All right, I am going to refer later on to an event that occurred in 1859. The 1859 event is the lesser -- is the smaller event between a smaller solar cycle between two larger solar cycles. It was a huge event and if you had to pick that out from this graph, you would be hard put to do so. It would be hard to find when that super event occurred. So sunspots are a proxy, but that is not really what drives space weather. It is the short-term solar variability which leads to space weather. Solar flares, which are the conversion of magnetic energy to mechanical energy and to radiant energy, x-rays, ultraviolet. They produce things called coronal mass ejections, which is a fancy way of saying that the sun blows the top of its atmosphere off. And if that atmosphere happens to hit the earth, it produces a bright aurora, magnetic and ionspheric storms. Also produced -- these solar flares produce solar radio bursts, which are broadband bursts of radiation literally from the audio range up to many gigahertz. Out of these solar flares come solar energetic particles and enhanced radiation belts bearing energy from kilovolts to gigavolts, which are of course a hazard to satellites and astronauts. And it expands the thermosphere, which makes it difficult to predict satellite orbits which means trying to avoid debris in space becomes a problem.
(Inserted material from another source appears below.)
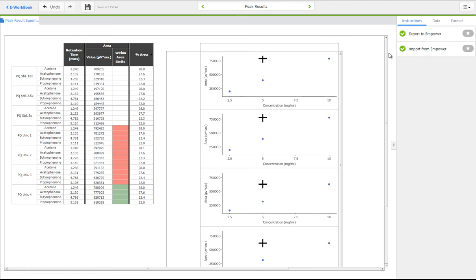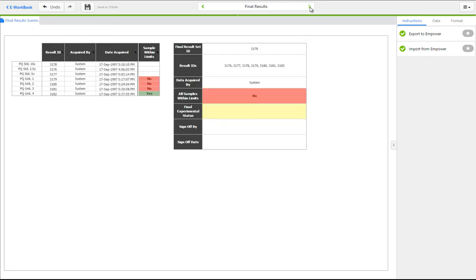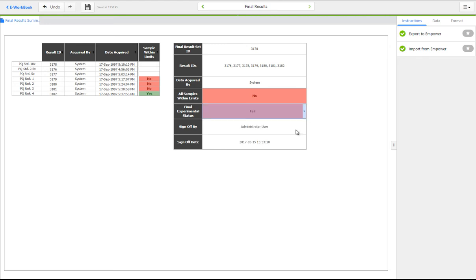The experiment can then be signed off and saved to associate this result data with the sample information in the eWorkbook database and facilitate further reporting on all of this information.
Now, the impacts of space weather are -- well first off it impacts anything, literally anything that is in space, satellite debris, astronaut. All right, but it also affects a lot of things that are not in space. It affects GPS receivers and their accuracy. It affects aviation, particularly aviation over the poles. It affects, well, I will get to some of the others, but it can affect the ability to navigate and it can affect the ability to communicate well. In January 2005, 26 United Airline flights had to be diverted from their polar routes, primarily from New York to China. And if you get diverted, one of three things happens: either one has to leave the airplane, or one’s baggage leaves the airplane, or one lands in Anchorage, all of which are unpleasant consequences if you are affected. And I will show a more detailed example of this October-November 2003 case, when the FAA had produced its augmentation for GPS called the Wide Area Augmentation System, it was disabled for 30 hours, completely unexpected.
January 1994, two Canadian telecommunication satellites were disabled for a period of about six months, were never bought back to full capability, lost at 50 million to 70 million. In 1989, there was a magnetic storm that disrupted the Hydro-Quebec power system, that is Quebec lost -- the Province of Quebec lost its power for a period of nine hours and what surprised us is that it only took 90 seconds to happen. Frequently power operators can adapt if they have tens of minutes to shed load. And in this case, they only had 90 seconds and they couldn’t adapt.
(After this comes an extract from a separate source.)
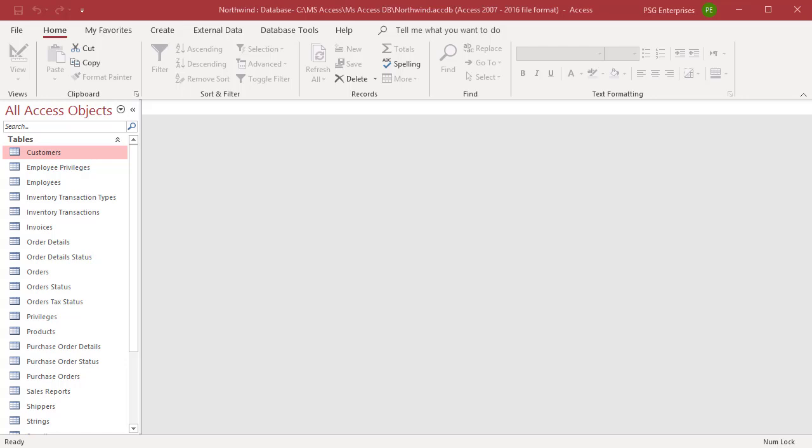Although the main objective of a specification is to save all the major details so that you can repeat the import or export without user input, a specification is still very flexible. For example, you can change the name of the source file during import or the destination file during export before you run the specification again.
Okay, now switch gears a little bit and talk about the Global Positioning System. The Global Positioning System was designed roughly between 1972 and 1979. The first electronic calculator is produced in 1971. If these were government engineers, they were almost certainly using slide rules. And I am also certain that they were using card decks and Fortran to program their computers. So it is a miracle the system was -- the architecture of this system was so durable and has lasted so long. But it is not -- it was never designed to do what we are doing with it today and that is synchronizing the power grid, it synchronizes internet, cell phone bay stations, it authenticates financial transactions, it is used for precision farming, surveying, and holds offshore oil platforms in place. All of these were never a part of the original plan. U.S. government only guarantees the GPS is available 95 percent of the time. All right, and next, GPS is a weak signal system, and this is not really appreciated by many people. Because it is weak, it is easy to interfere with it. So it was never designed to perform these functions. And for industries and for business plans, that want 24/7 seriously, completely uninterrupted operation, they have a problem. And their problem will appear in just a few years if they are in the next solar maximum.
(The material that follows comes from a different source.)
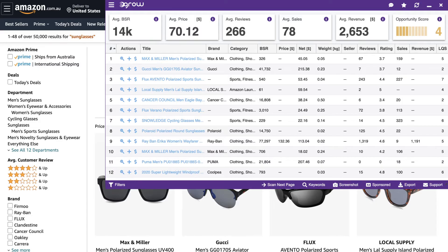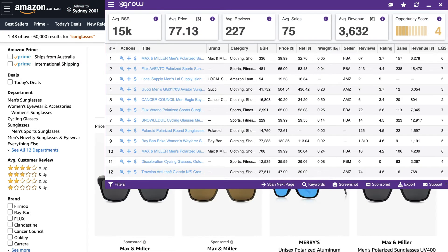Here is an example where you can see that I am conducting product research on the Australian marketplace. With my address set to a location within the United States, a lot of the valuable data and insights are missing. Now, if I conduct the same search with my shipping address set to a location within Australia, much more information is displayed.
I want to talk about solar radio bursts. This is an example of something that caught us completely by surprise, totally unexpected. At solar minimum on December 6, 2006, there was radio burst that caused temporary failure of precision GPS receivers across the sunlit earth. It was a 100 times more intense than any previous radio burst at solar minimum and ten times more intense than any previous solar radio burst ever recorded. We have only been recording them since about 1960, but this was a surprise. Have we missed something completely? Maybe.
This movie is going to show the effect on the receivers. On the bottom is the solar radio burst power at 1.6 gigahertz, the frequency of which -- one of the two frequencies GPS operates at. Up above, it shows a sampling of the International Global Navigation Satellite System network, and what is important about those dots is that they should be in the blue. That is they should be -- they have to have four observables to operate. If they get down into the yellow, orange, or red, they are no longer operating. All right, four or fewer, they have to have at least four and preferably six or more. So most of those are in the blue, okay? Now let’s start the movie up, and as you can see, it is a red dot, goes across, and we see parts of the low radio burst power. The colors of those dots will change in an unpleasant way, not a nice way. There is one receiver up there in Montana, it looks like, that is being problematic at the point -- maybe a seagull landed on the antenna. I don’t know. But as it goes through these even small perturbations in the solar radio burst power, you can see those dots changing to yellow and to the orange and red. And now we go into the more intense part of it, and virtually all of the receivers are failing. Now this is a brief failure, it is only 10, 15, 20 minutes this goes on, but it affects everything on the sunlit side of the earth. So how could this happen? How could we find ourselves in this situation?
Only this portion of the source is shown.